But to really know the answer to this question, we need the test of time. I have been living with MdDS for five years but only two of those years have I been willing to open to a new sense of purpose and vitality that can coexist with my pain. I’m testing the unfixed theory out on myself and it’s ringing true for me and for some of the subjects in the film. I also know it won’t resonate with everyone and some even resist the term “unfixed” as if it’s a glass-half-empty philosophy — that by focusing on the parts of us that don’t fit into the cure-based model of health, we are turning our backs on hope, positivity and a cure. My motivation for doing this documentary is to ask these questions, challenge our notions of what a good life is supposed to feel like and hopefully create a more inclusive playing field for human expression — one that includes suffering, uncertainty and unpredictability and values these experiences as part of what makes a human heart shine in the most incomprehensible of ways.

Are there three things that individuals, society or the government can do to support you in this effort?

1)The most important thing that needs to happen is for individuals to deeply and honestly examine why disability and illness makes them uncomfortable. It will be difficult to make change in society, in services and in policy unless people are willing to first face their own frailty and learn to embrace vulnerability with compassion instead of fear. We may think this statement applies to someone else, but how often do we decide to not engage with someone in a wheelchair, a child with intellectual disability, someone next to us on the train with Tourette’s Syndrome, a friend who has chronic pain and is falling into a deep well of depression? Are we frightened by the possibility that this could be us? Are we afraid we might say the wrong thing? What would happen if we engaged with people unlike us instead of turning away?

2)There is an emerging field in Treatment called Narrative Treatment. One of the core principles of narrative Treatment is that receiving patients’ stories helps to build empathy in physicians and, in turn, improves the quality of care. A number of recent studies have shown that higher levels of physician empathy may be associated with more positive outcomes in patients.

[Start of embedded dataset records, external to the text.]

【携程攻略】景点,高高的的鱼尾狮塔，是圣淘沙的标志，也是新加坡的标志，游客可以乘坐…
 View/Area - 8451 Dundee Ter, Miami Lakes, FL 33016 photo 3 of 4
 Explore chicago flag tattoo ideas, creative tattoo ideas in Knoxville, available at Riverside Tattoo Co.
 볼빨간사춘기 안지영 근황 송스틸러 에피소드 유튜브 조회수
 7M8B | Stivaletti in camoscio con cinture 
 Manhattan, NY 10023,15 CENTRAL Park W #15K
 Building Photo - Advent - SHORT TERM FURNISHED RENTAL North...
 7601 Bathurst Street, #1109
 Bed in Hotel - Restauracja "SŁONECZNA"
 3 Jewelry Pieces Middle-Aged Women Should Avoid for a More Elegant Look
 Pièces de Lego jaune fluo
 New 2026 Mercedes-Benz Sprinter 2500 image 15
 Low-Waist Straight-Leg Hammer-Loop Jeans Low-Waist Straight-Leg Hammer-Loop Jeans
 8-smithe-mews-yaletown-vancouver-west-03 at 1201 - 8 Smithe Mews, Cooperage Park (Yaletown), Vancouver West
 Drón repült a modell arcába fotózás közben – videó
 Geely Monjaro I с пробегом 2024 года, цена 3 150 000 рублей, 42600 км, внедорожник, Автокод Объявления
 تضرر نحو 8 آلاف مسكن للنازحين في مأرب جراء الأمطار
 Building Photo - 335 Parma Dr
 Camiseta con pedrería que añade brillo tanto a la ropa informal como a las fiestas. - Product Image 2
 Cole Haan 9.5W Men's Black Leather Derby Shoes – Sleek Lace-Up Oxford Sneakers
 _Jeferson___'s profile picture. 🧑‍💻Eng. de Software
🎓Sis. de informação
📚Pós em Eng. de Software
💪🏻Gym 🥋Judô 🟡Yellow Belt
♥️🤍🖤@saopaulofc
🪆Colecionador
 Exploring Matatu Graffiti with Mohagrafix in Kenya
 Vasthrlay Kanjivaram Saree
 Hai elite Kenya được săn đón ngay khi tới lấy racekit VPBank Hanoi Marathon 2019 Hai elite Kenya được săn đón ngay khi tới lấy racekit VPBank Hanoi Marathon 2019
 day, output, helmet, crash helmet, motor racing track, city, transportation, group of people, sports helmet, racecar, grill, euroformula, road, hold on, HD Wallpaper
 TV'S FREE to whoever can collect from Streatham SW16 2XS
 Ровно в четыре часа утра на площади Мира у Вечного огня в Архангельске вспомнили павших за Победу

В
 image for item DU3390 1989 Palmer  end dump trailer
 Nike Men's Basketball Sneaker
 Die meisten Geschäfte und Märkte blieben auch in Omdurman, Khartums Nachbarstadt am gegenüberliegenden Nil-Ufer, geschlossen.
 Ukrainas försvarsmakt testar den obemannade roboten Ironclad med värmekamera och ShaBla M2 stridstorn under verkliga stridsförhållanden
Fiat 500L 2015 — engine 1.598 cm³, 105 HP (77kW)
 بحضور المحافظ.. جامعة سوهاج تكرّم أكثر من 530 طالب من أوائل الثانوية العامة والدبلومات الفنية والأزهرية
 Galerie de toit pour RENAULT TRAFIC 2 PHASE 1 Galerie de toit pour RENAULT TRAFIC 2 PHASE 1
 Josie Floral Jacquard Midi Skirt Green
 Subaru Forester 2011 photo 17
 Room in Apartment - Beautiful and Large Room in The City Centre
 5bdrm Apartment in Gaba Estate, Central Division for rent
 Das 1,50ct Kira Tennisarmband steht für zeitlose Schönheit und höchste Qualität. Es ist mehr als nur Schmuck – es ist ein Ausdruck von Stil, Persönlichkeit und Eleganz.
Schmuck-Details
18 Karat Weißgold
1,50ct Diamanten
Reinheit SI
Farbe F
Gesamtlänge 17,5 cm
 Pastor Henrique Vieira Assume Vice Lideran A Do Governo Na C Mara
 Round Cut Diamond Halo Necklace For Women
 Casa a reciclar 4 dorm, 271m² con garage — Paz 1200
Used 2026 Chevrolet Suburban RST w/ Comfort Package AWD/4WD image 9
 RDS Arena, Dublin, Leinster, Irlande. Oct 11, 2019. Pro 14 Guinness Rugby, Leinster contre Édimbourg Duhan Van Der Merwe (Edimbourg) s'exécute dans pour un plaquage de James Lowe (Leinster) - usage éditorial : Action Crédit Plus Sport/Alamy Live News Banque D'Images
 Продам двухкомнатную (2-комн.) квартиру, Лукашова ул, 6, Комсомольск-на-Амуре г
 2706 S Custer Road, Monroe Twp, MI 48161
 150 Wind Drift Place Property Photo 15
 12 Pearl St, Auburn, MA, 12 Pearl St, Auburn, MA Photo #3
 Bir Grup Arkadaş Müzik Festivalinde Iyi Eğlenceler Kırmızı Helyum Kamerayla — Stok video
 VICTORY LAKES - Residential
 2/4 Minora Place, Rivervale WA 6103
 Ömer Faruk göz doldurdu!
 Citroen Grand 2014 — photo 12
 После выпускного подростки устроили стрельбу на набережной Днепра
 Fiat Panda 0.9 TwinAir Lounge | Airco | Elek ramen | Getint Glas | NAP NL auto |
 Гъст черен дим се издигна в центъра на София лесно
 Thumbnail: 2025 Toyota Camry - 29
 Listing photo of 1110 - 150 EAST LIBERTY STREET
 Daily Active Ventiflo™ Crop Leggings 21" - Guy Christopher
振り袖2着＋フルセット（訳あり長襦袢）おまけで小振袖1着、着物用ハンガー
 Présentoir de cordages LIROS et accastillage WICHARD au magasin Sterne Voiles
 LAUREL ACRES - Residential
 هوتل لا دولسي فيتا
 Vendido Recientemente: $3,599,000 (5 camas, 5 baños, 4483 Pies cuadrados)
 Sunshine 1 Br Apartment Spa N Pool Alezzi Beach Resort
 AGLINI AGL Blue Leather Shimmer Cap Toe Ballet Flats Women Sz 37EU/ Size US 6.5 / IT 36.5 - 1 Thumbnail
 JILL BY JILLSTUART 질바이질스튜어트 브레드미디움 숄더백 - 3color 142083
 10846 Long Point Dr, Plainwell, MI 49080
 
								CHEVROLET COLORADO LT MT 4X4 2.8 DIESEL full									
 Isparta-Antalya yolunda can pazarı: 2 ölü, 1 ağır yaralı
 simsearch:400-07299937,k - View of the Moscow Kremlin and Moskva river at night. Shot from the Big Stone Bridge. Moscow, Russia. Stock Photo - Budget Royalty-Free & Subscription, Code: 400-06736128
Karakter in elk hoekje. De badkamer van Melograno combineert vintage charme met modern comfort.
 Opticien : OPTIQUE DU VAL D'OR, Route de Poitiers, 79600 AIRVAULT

A few universities now offer this advanced degree and I sometimes imagine the scenario where every medical student is required to supplement their education with this training. Patients would leave doctor visits feeling more empowered by their experiences and engaged with their treatment plans. Caregivers would have a better understanding of how to best support their loved ones. Sickness and disability in general may have the potential to be elevated into their proper place in society — as natural and powerful teachers in our lives — instead of experiences that diminish our character.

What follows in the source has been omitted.